С 1853-го года Чернышевский стад сотрудничать в двух крупных журналах того времени — «Современнике» и «Отечественных Записках», но через некоторое время сосредоточился целиком в «Современнике»; его статьи за восемь лет заполнили впоследствии II томов его сочинений. Чернышевский очень быстро стал вождем радикальных и социалистических слоев русского общества. К этому времени относятся его знаменитых критические очерки, вышедшие потом под общим названием: «Очерки гоголевского периода русской литературы» (впервые изданные, как отдельная книга, уже после смерти Чернышевского, в 1892-ом году). К этому же времени относится большая философская статья Чернышевского: «Антропологический принцип в философии»,[791] написанная по поводу философских очерков П. Л. Лаврова (см. о нем следующую главу), а также ответ Чернышевского на критику известного уже нам П. Д. Юркевича.
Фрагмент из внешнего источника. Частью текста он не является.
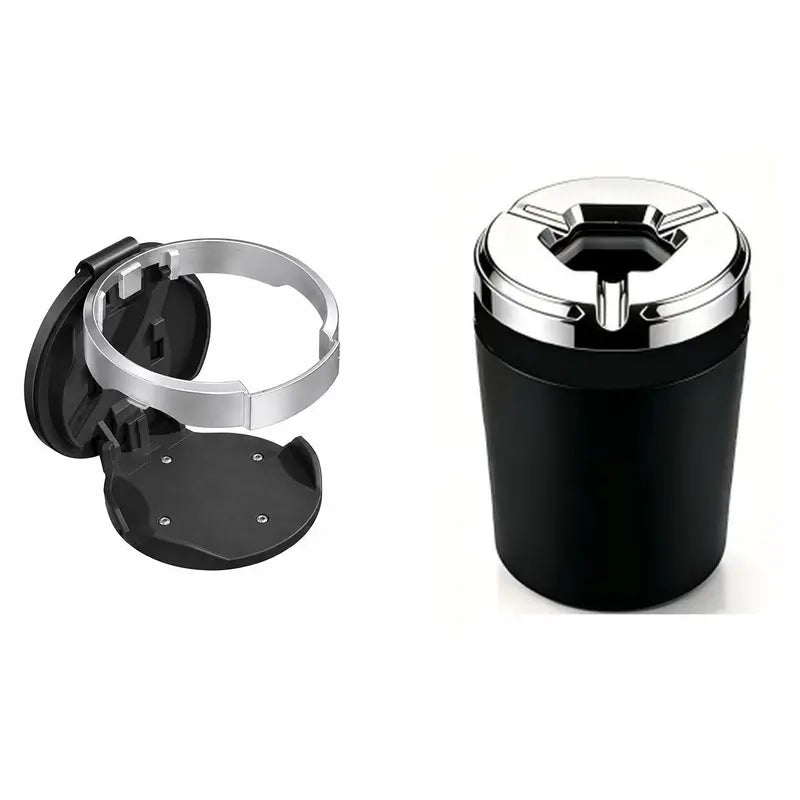 Dovemead™ Car cup holder hook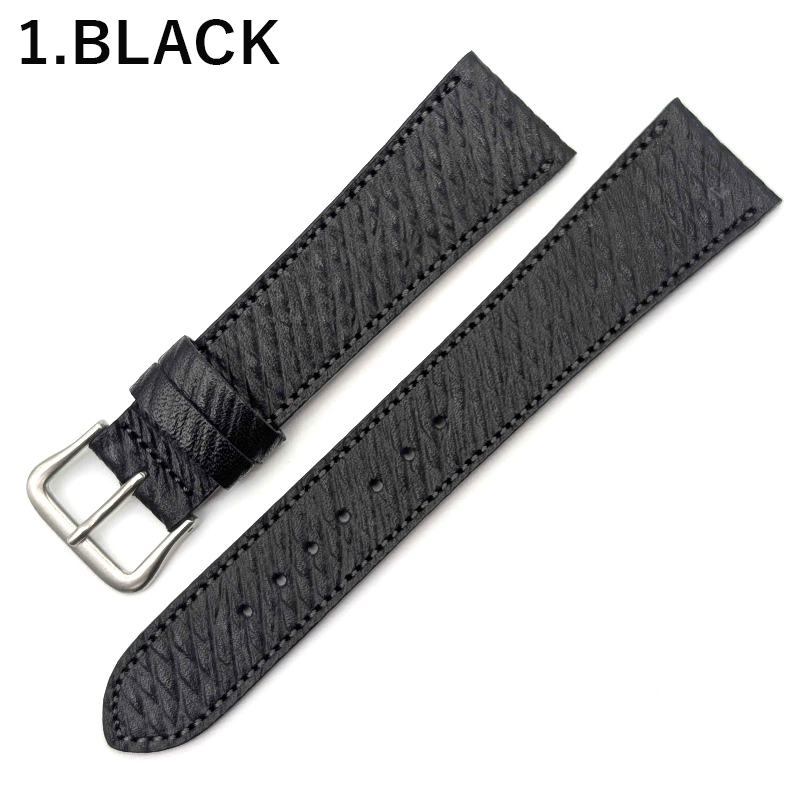 クロノワールド ジャパン - Accurate Form｜Yahoo!ショッピング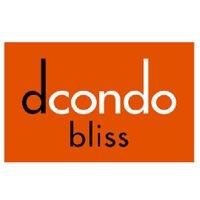 dCondo Bliss Sriracha
(ดีคอนโด บลิซ ศรีราชา)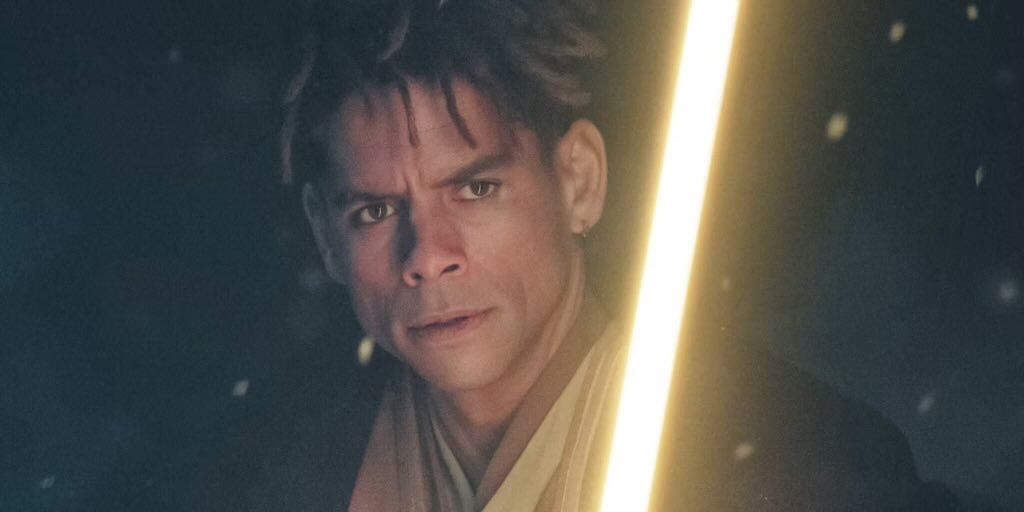 ahzoeka's tweet photo. forever a yellow lightsaber enjoyer https://t.co/O8G4Sz22GB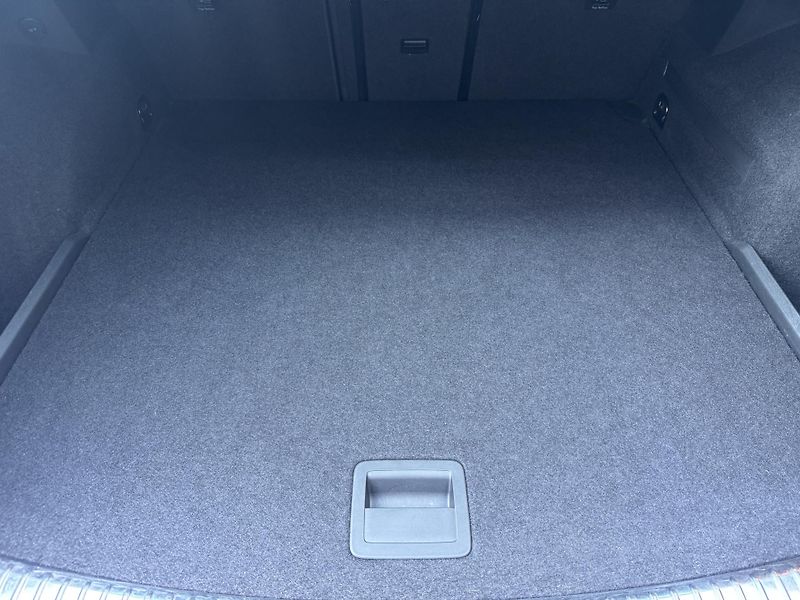 Seat Leon (2016) 1.4TSi 92kW MAN FR, RZV - fotka 22 z 45
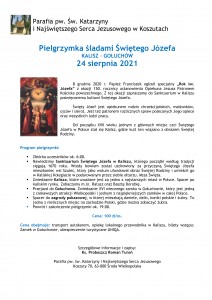 program-kalisz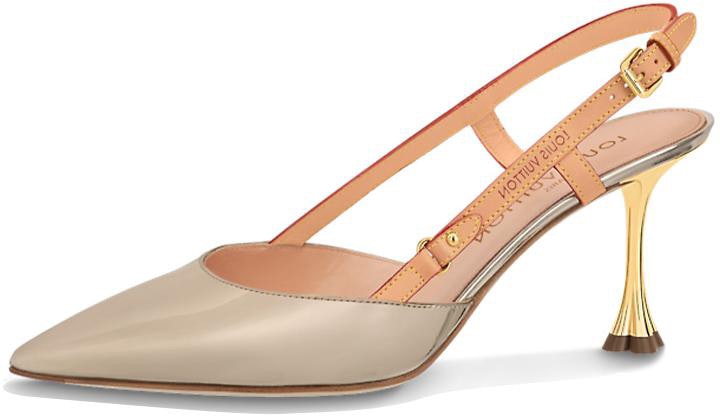 women-louis-vuitton-b-blossom-leather-high-heel-light-gold-1-ac-8-s8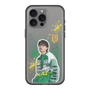 スリムプロテクションプレミアムケース［ D.LEAGUE - CyberAgent Legit -KAI→ ］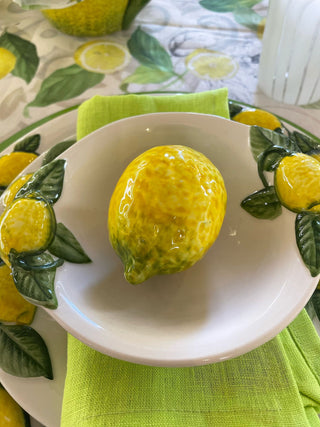 Limoni Piccoli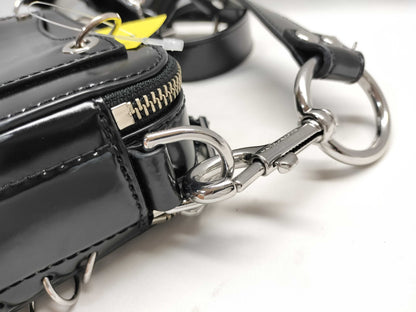 MARC BY MARC JACOBS Marc Jacobs Shoulder Chain Shoulder Bag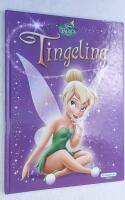 Tingeling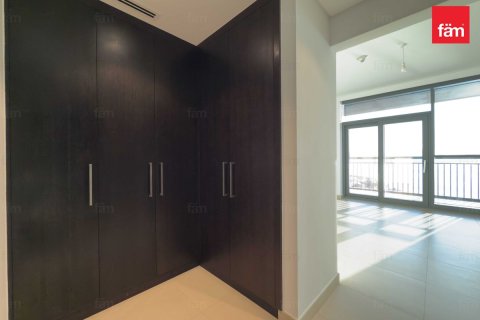 Apartment in Dubai 3 bedrooms, 197.3 sq.m. № 71890 - photo 10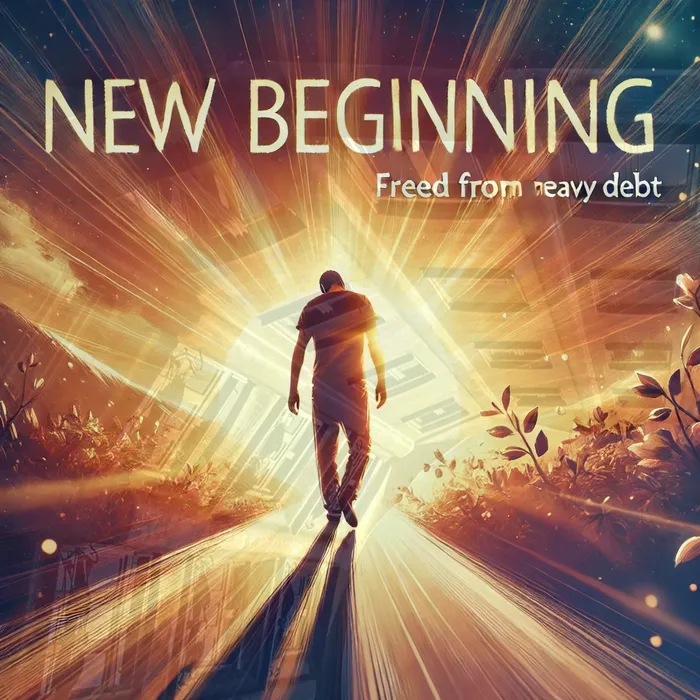 서빙고동 개인회생 신청 방법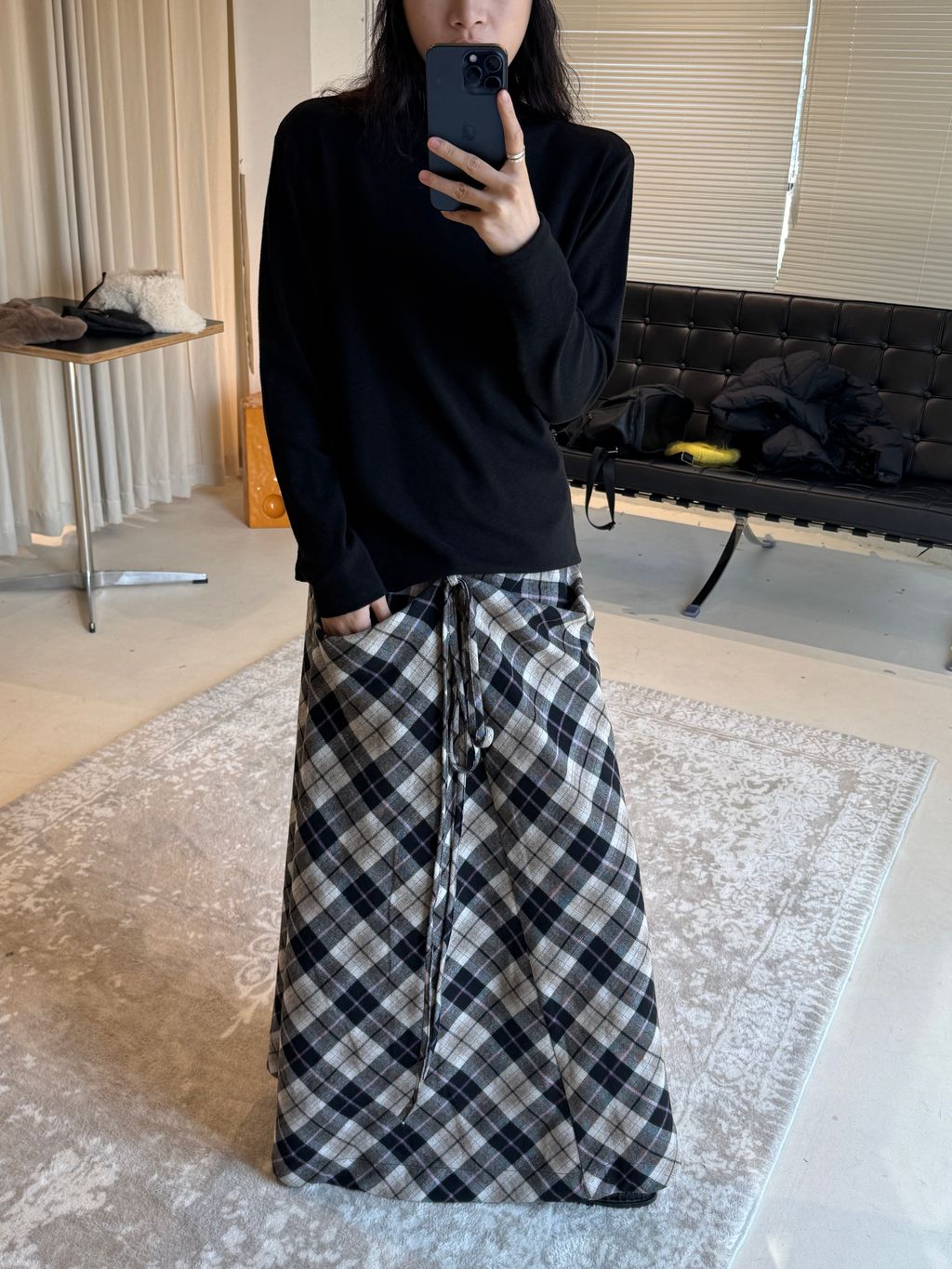 3bc7791eb8874b432f026bd02c62d658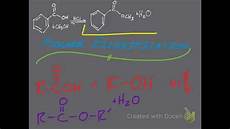 Benzoic Acid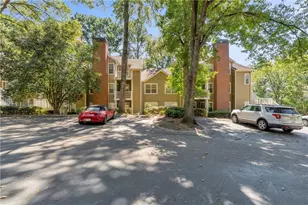 2004 River Heights Walk SE, Marietta, GA 30067 - Photo 35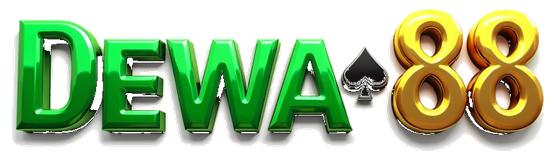 dewa 88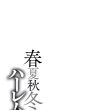 百度用户UID975161975 水晶纯帅 一夜成空 的头像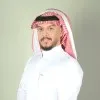 Mohammad Jasem Almohana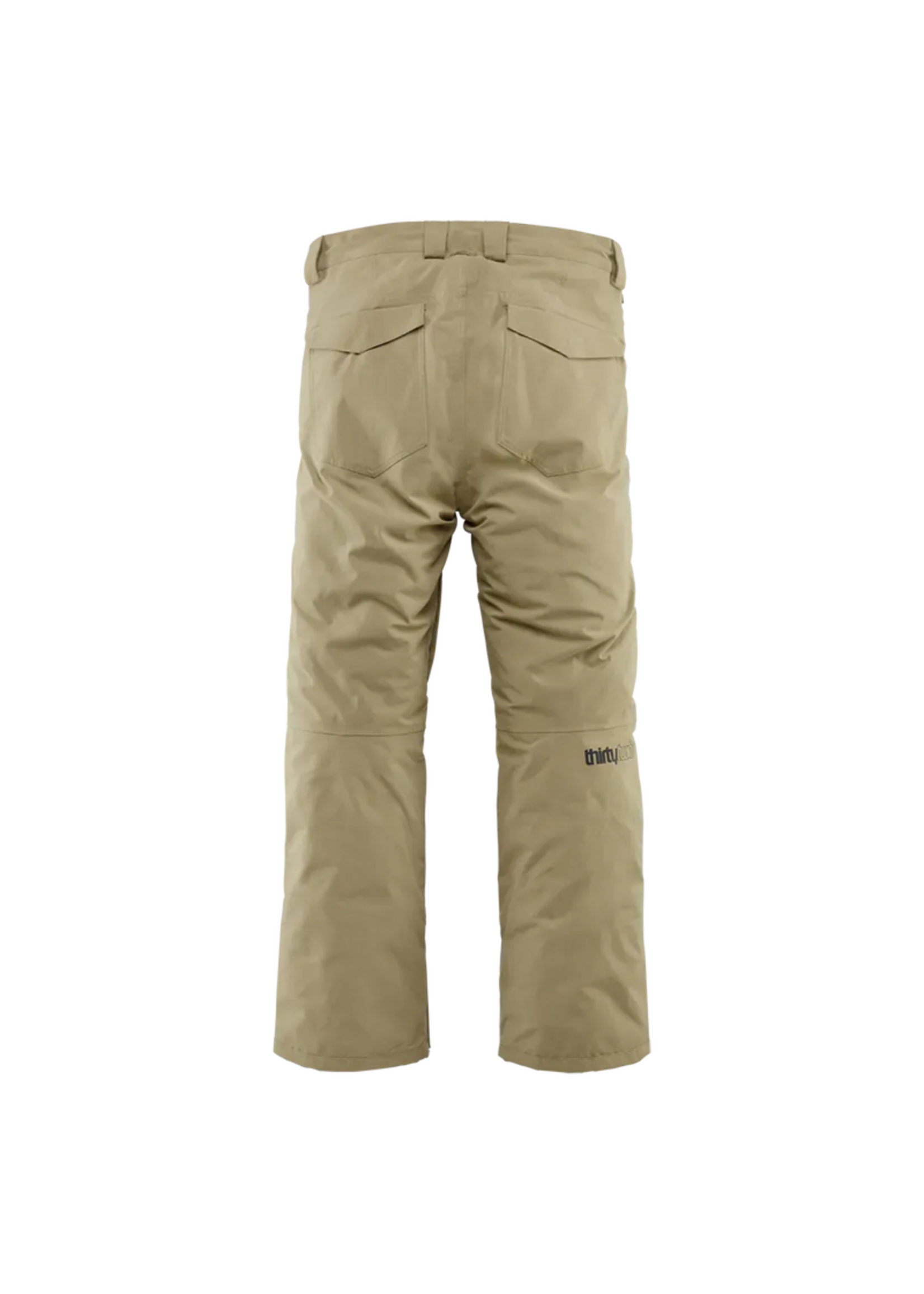 ThirtyTwo WOODERSON PANT W25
Много писал Чернышевский по социальным и экономическим вопросам. В 1862-ом году Чернышевский был арестован (поводом для ареста послужила найденная при аресте некоего Ветошникова заметка Герцена: «мы готовы здесь или в Женеве издавать „Современник“ с Чернышевским» — («Современник» был в это время закрыт на восемь лет); развитие революционного движения в России становилось все более значительным, а Чернышевского все считали его вождем и вдохновителем. Чернышевского судили — более всего за сочинения его (пропущенные в свое время цензурой). Суд признал Чернышевского невиновным в сношениях с Герценом, но признал его виновным в составлении прокламации к крестьянам, и присудил его к каторжным работам. Приговор суда произвел самое тяжелое впечатление даже в консервативных кругах, — не говоря уже о радикальной молодежи.[792] Чернышевский был сослан в Сибирь, в Якутскую область, откуда несколько раз, но всегда неудачно, хотели устроить его побег, — чем только ухудшали его положение. Наконец, в 1883-ем году ему было разрешено вернуться в Европейскую Россию, — ему было назначено жить в Астрахани; через шесть лет ему было разрешено переехать в родной город Саратов, но силы Чернышевского уже были на исходе. В октябре 1889-го года он скончался в Саратове.